▸ **What you need to do**: At the line with "this 739×493 image.", start transcribing; stop after the last line of the data below. Keep it exact and leave pictures out.
** Material to process follows **
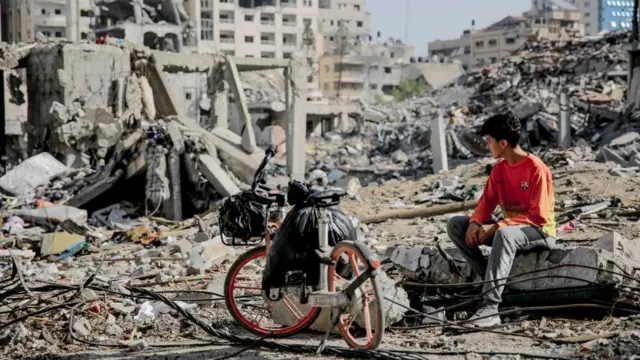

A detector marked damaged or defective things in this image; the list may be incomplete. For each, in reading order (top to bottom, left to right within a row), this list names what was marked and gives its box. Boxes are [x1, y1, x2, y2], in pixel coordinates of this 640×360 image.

broken concrete slab [0, 153, 68, 195]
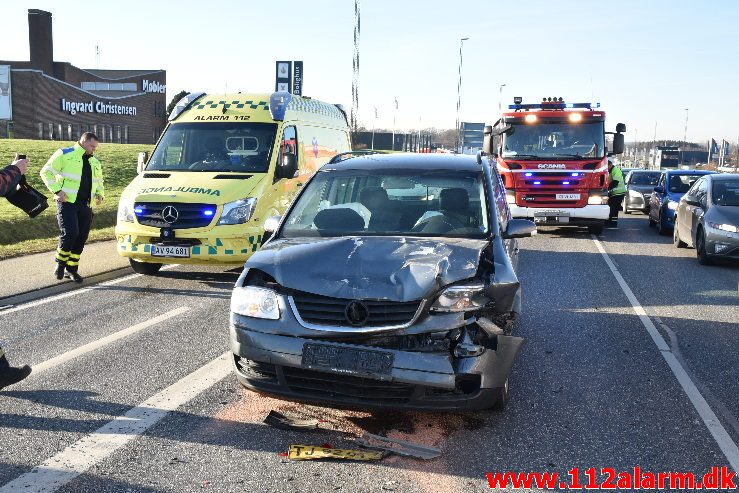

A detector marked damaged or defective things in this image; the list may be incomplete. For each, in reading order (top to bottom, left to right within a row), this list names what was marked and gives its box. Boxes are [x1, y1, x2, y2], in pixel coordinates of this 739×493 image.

broken headlight [231, 284, 280, 320]
damaged silver car [228, 152, 536, 410]
broken headlight [428, 280, 492, 312]
crushed front bumper [231, 312, 528, 412]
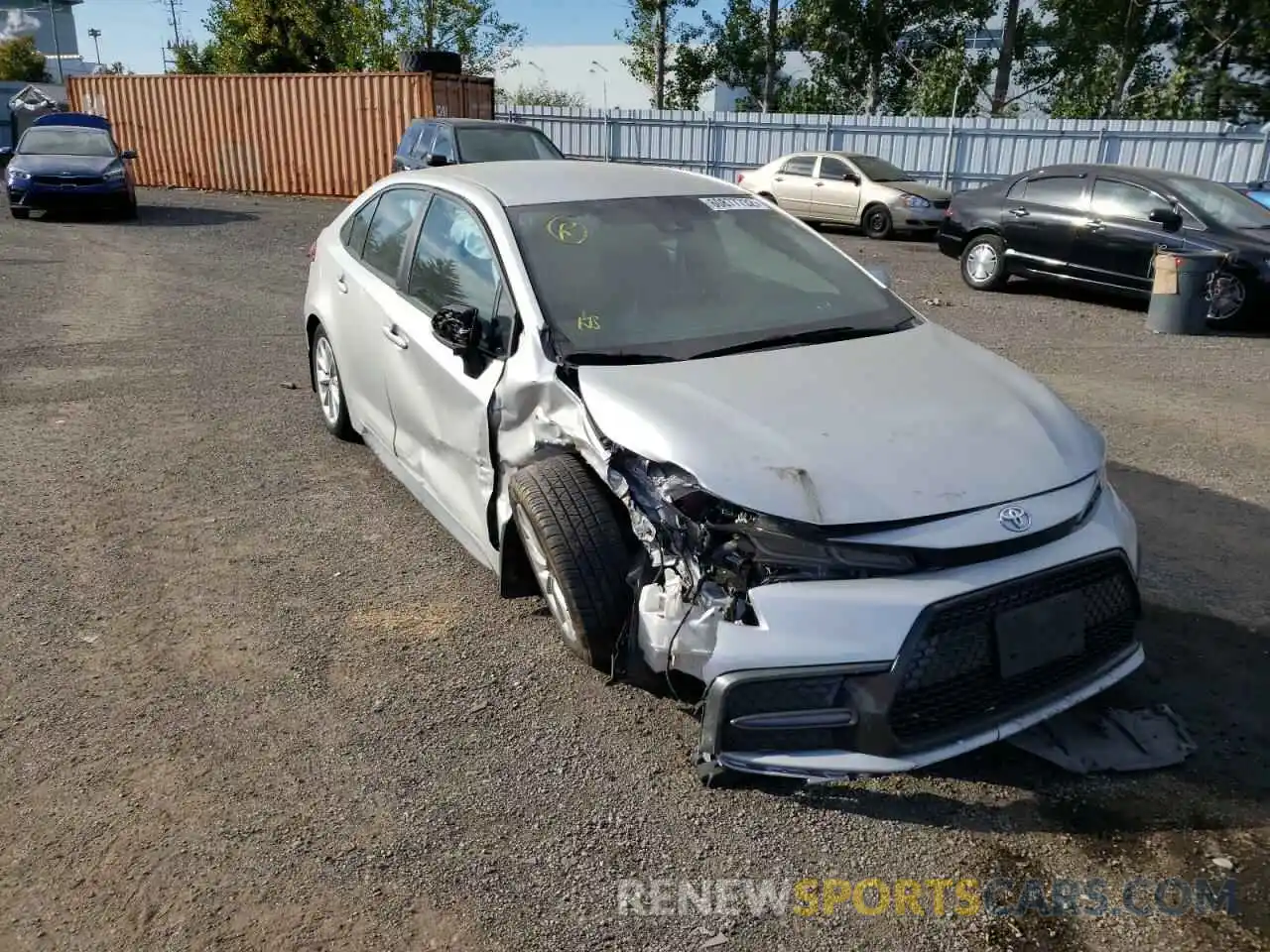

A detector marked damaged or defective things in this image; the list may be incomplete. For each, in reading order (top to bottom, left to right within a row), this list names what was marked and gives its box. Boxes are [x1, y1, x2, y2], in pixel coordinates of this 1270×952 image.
** End of Material to process **
▸ **Solved problem**:
A detector marked damaged or defective things in this image; the list may be incomplete. For each, in reading order (top to bottom, left to right within a row), this list names what was marked and gives its box. Boxes are [x1, y1, x2, y2], in pixel coordinates of this 739×493 image.

broken headlight [231, 284, 280, 320]
damaged silver car [228, 152, 536, 410]
broken headlight [428, 280, 492, 312]
crushed front bumper [231, 312, 528, 412]

A detector marked damaged or defective things in this image; the list may be incomplete. For each, in reading order (top to bottom, left to right within a row), this list names what was marked and gives its box. Boxes are [x1, y1, x2, y2], in pixel coordinates of this 1270×952 image.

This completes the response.